Al llegar, lo principal es medir la malnutrición en los chicos, que puede ser de dos tipos: el marásmico, que es el flaquito de piel y huesos, y el que en vez de perder peso desarrolla edemas y se hincha como un globo. "En este caso, empieza en los pies y va subiendo. Si no los tratás bien, es una bombita de tiempo. Los ves y parecen gorditos, pero es pura agua", describe.
El día que se levantó el primer centro de salud se internaron 180 pacientes, todos malnutridos severos con complicaciones, a quienes se les daba leche cada tres horas y, luego, cuando evolucionaban, pasta de maní. "Era muy raro, porque estábamos atendiendo a chicos malnutridos rodeados de cultivos que crecían verdes y altos. Es una zona muy fértil, pero eso sólo se cosechaba al año siguiente", advierte.
Su primer desafío dentro de MSF llegó con el primer destino en una zona caliente: República Centroafricana. El conflicto bélico en el norte entre grupos rebeldes y oficiales dificultaba el acceso a los centros de salud para la población. "El objetivo era darle acceso a la salud a las víctimas del conflicto y a los que no tenían nada que ver; atendíamos a todos sin importar de qué bando eran. Pusimos clínicas móviles para las personas que estaban alejadas", destaca Lanusse, mientras se acomoda en la silla de un bar de San Isidro, donde creció y sigue volviendo para visitar a su familia.
Levantar una tienda gigante y blanca donde antes había polvo o selva a modo de centro de atención de cólera, improvisar una clínica con carpas y lonas de plástico para controlar la malaria, palpar las crisis, epidemias, emergencias, los brotes, hacerle frente a la subnutrición, al desastre en los rincones olvidados del mundo. Esa es la tarea del enfermero expatriado. "Nuestro rol es importante, pero no existe sin el del enfermero nacional. El expatriado tiene experiencia y capacidad de gestión, pero nosotros seremos cinco que llegan y ellos cientos. Ellos hacen el trabajo duro", elogia Lanusse, que trabajó en la Unidad de Emergencia, el grupo de personas que está todo el tiempo a la espera de una llamada para salir disparados, cuando sea necesario, hacia remotos destinos.

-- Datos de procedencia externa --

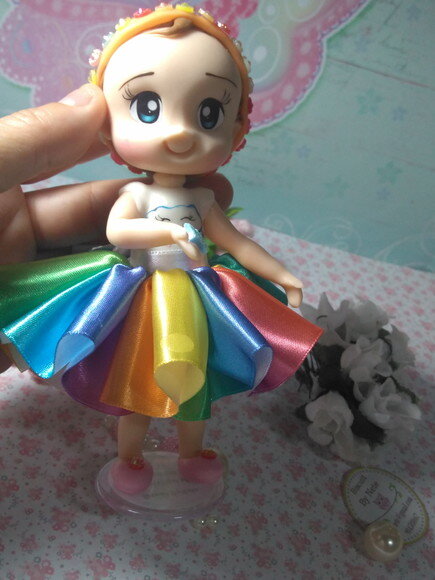 Bonequinha Chuva de Amor em Biscuit
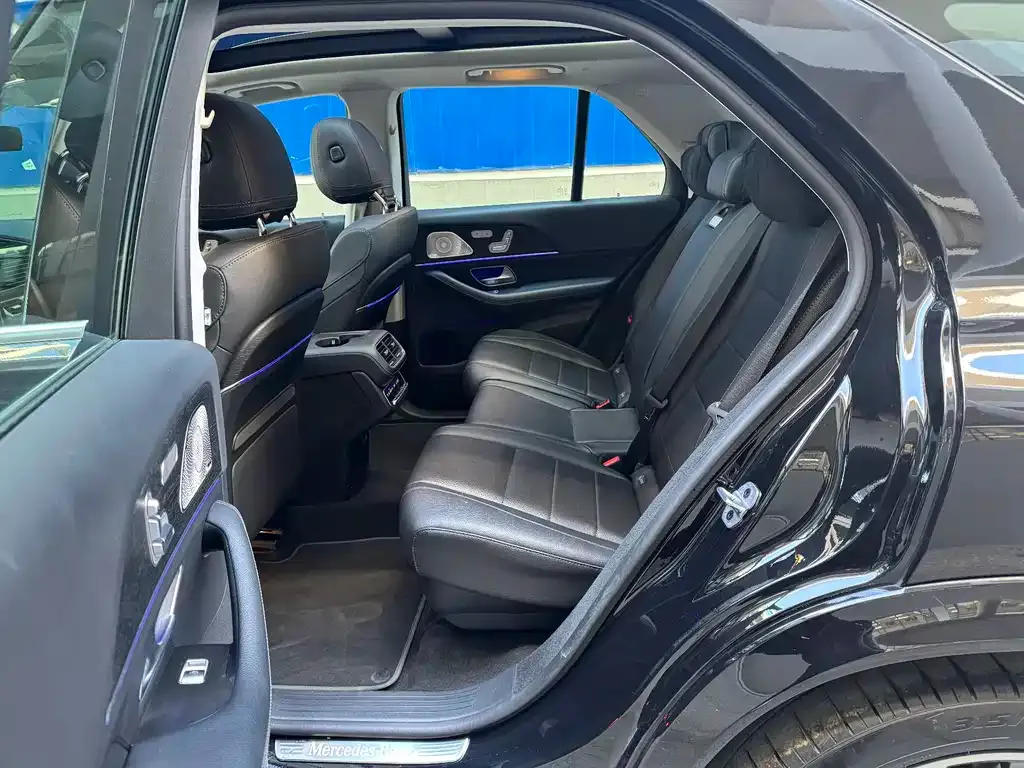 Mercedes-Benz GLE — фото 10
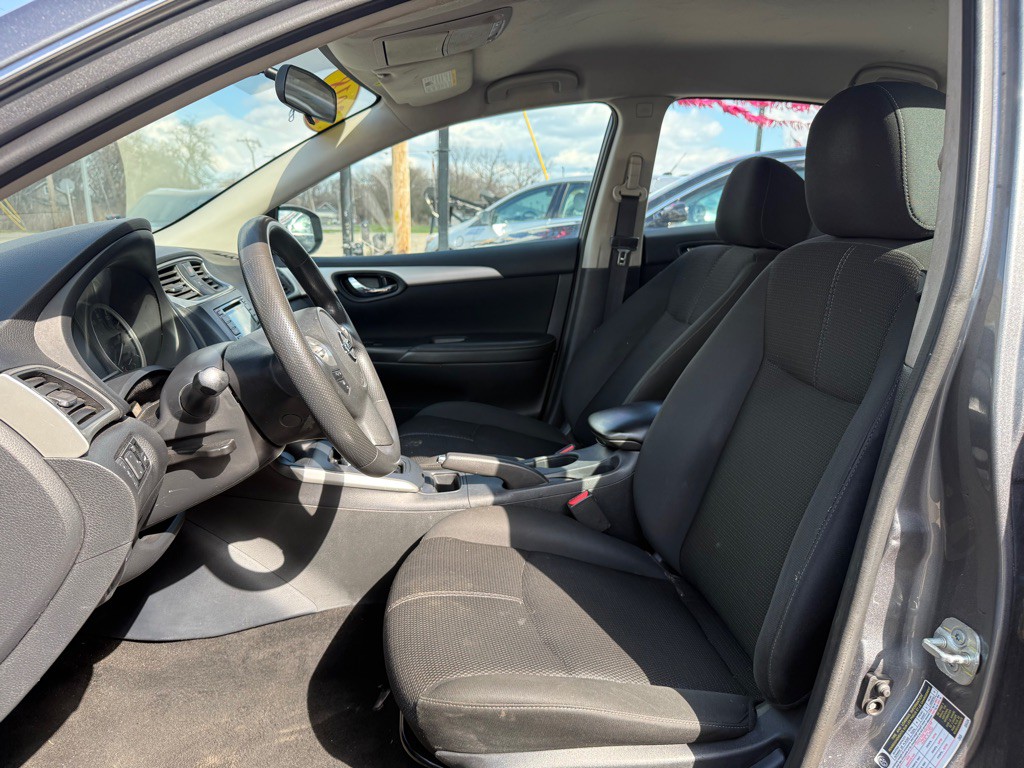 2018 Nissan Sentra Image 5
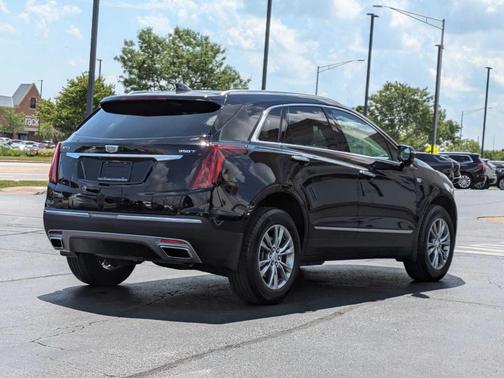 2022 Cadillac XT5 Premium Luxury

La humildad es palpable en cada una de sus palabras. Una cualidad aprendida quizás en su larga estadía junto a las Misioneras de la Caridad en Calcuta, donde comenzó fregando pisos hasta que la monja que estaba a cargo la fue conociendo más y le encomendó tareas más específicas, propias de una enfermera.
"Mucha gente me pregunta por qué no lo hago acá, en la Argentina. A mí me gusta el tipo de trabajo de emergencia que se hace en MSF y, como me encanta viajar, siento que combino ambas cosas. Para irme al interior tengo toda la vida; para hacer esto, no.".